How Does a Wearable Become a Digital Health Technology

Telemedicine at home using digital tablet and a smartwatch

The Apple Watch made history last May as the first consumer wearable digital health technology (DHT) to cross over the clinical barrier, when the U.S. Food & Drug Administration approved its atrial fibrillation history feature as a medical device development tool, clearing it for use in clinical trials.

Smart watches, fitness trackers, and other commercial wearables are increasingly being considered for noninvasive monitoring and reporting on physical activity, health, and wellness for a broad range of use cases. By incorporating novel, data-driven approaches, wearable DHTs have the potential to provide valuable insights and predictive capabilities, particularly in the healthcare space, including improving early disease detection, enhancing personalized patient outcomes, and informing optimized interventions and therapeutics. These data-driven approaches can be further enhanced through application of evolving artificial intelligence and machine learning techniques, affording stronger predictive capabilities and greater insights via novel data aggregation and modeling methods.

Such approaches afford unique opportunities to augment existing clinical care, which is mainly provided through in-person visits. DHTs can improve patient compliance with treatment regimens by enabling caregivers to remotely monitor the progression of symptoms and associated patient activities and health metrics on a more regular cadence. Wearable DHTs that measure clinically validated patient-centered endpoints can unlock opportunities for both patient care and for clinical trials and observational studies.

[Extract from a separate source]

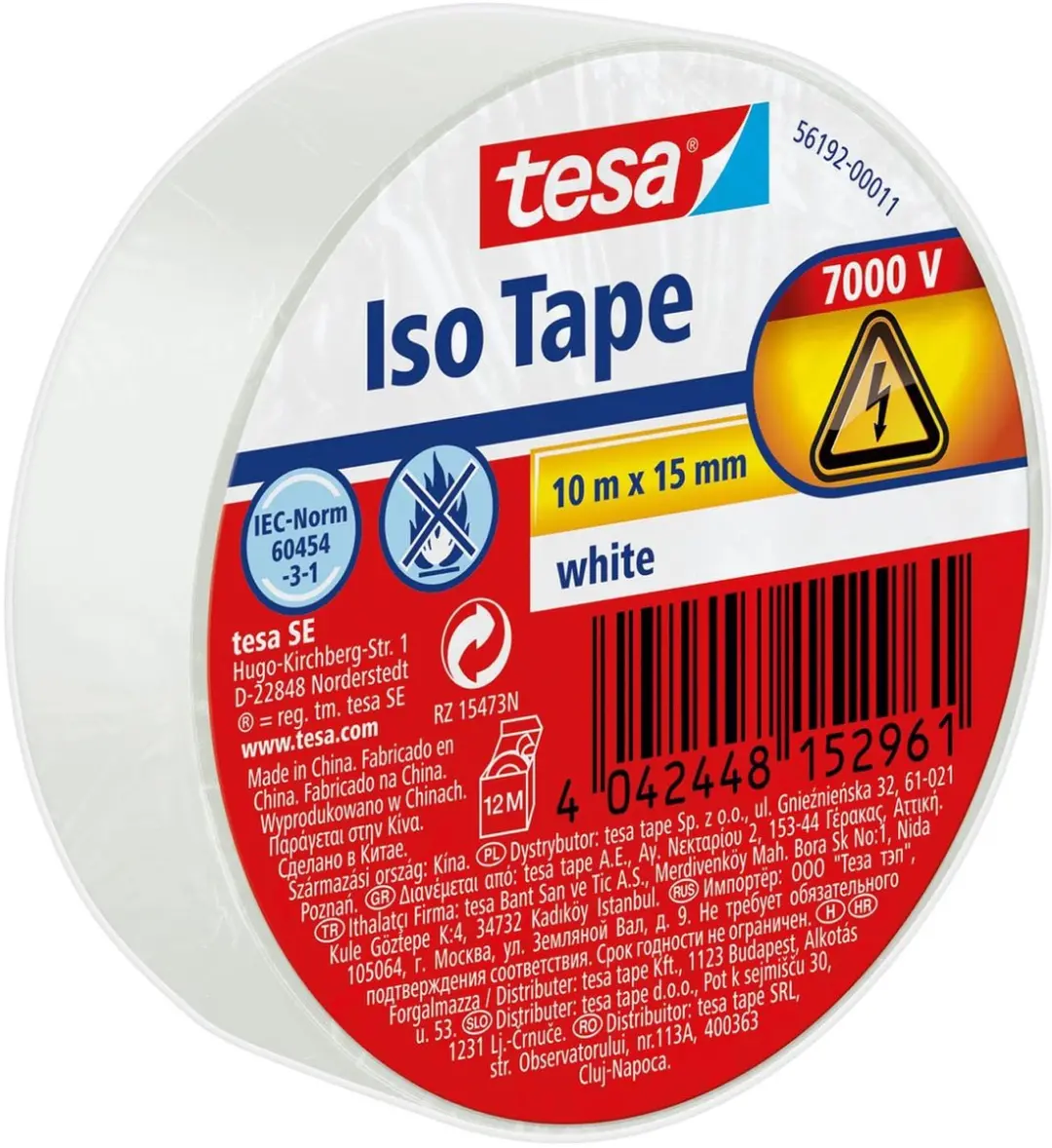 Tesa 56192-00011-22 Isolatietape Wit 10m x 15mm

By offering more frequent patient health outcome measurements in naturalistic, contextualized, patient-centric environments, DHTs can provide novel data to create and implement personalized treatment plans, which can similarly evolve in line with patient symptoms, recovery, or rehabilitation. This can result in direct improvements to patient quality of care and patient-specific health and wellness outcomes.

Despite these benefits, few wearable DHTs have made the successful transition from the consumer products space into the clinical arena, which is forecasted to reach $76 billion by 2028. Why do wearable technologies continue to grow and proliferate in the commercial sector while a much smaller number currently offer viable clinical solutions?

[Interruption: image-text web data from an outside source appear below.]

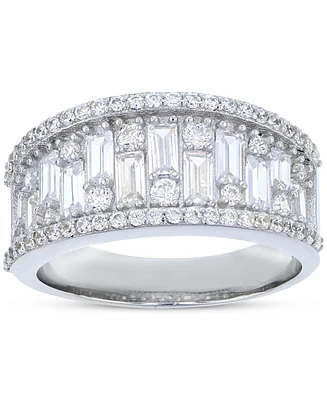 Cubic Zirconia Round & Baguette Statement Ring Sterling Silver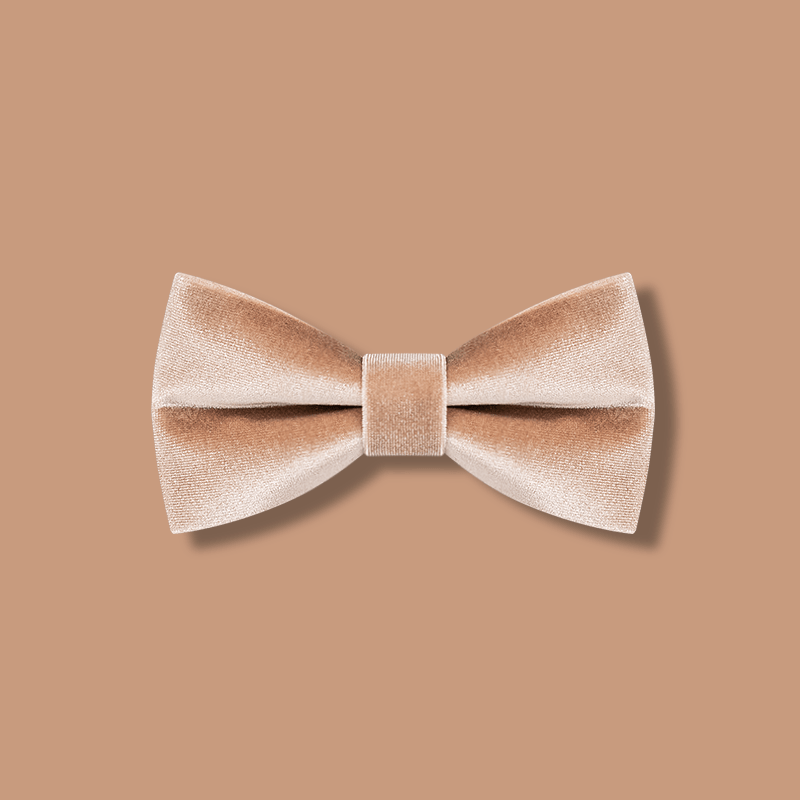 Men's Champagne Solid Color Velvet Bow Tie - Champagne - image 1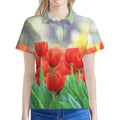 Red Tulip Print Women's Polo Shirt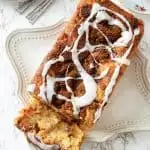 keto cinnamon swirl bread sliced on a white plate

By helping stakeholders create strong experimental designs, predictive models that leverage humanized data have the potential to maximize the probability of success when transitioning from the consumer electronics space to the clinical and digital health domains.

One key reason for this disconnect is that the data-driven outcomes and metrics provided for the general consumer may not necessarily be directly relevant in the clinical context. More specifically, the metrics used by DHTs in the consumer space, like measurements for average heart rate, may not immediately translate to the demand for more complex patient outcome requirements in the clinical domain, like heart rhythm measures for atrial fibrillation.

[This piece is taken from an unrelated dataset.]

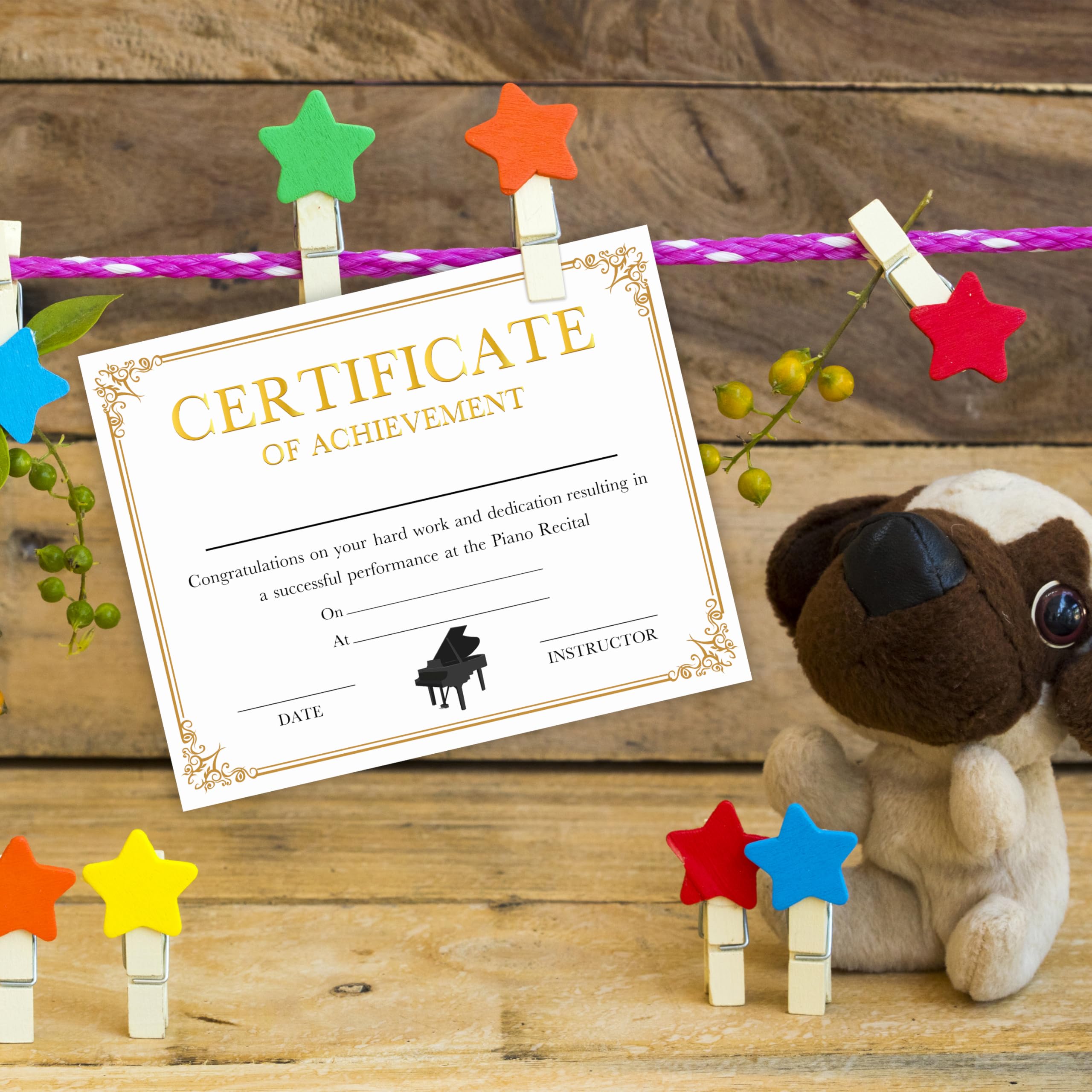 Certificados de premio de logros musicales, certificados de recital de piano para estudiantes, premios de reconocimiento de lecciones de música, suministros de aula para profesores, regalos de aliento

The accuracy and reliability of wearable-derived data in the clinical space may need to be higher than what's required commercially, particularly considering such data may be used to detect serious health outcomes and consequences. For example, certain conditions and their severity may be informed by slight, yet significant changes in a patient's resting heart rate. If commercial solutions are unable to accurately and reliably detect these changes, be it acutely or over time, then it may have an adverse impact on critical health outcomes or derived intervention approaches.

Contextualization and humanization of wearable data that accounts for individual user physiology, the activities of the person, and associated environmental and behavioral determinants, can address these potential limitations and provide a more actionable means through which consumer products can transition into clinical domains.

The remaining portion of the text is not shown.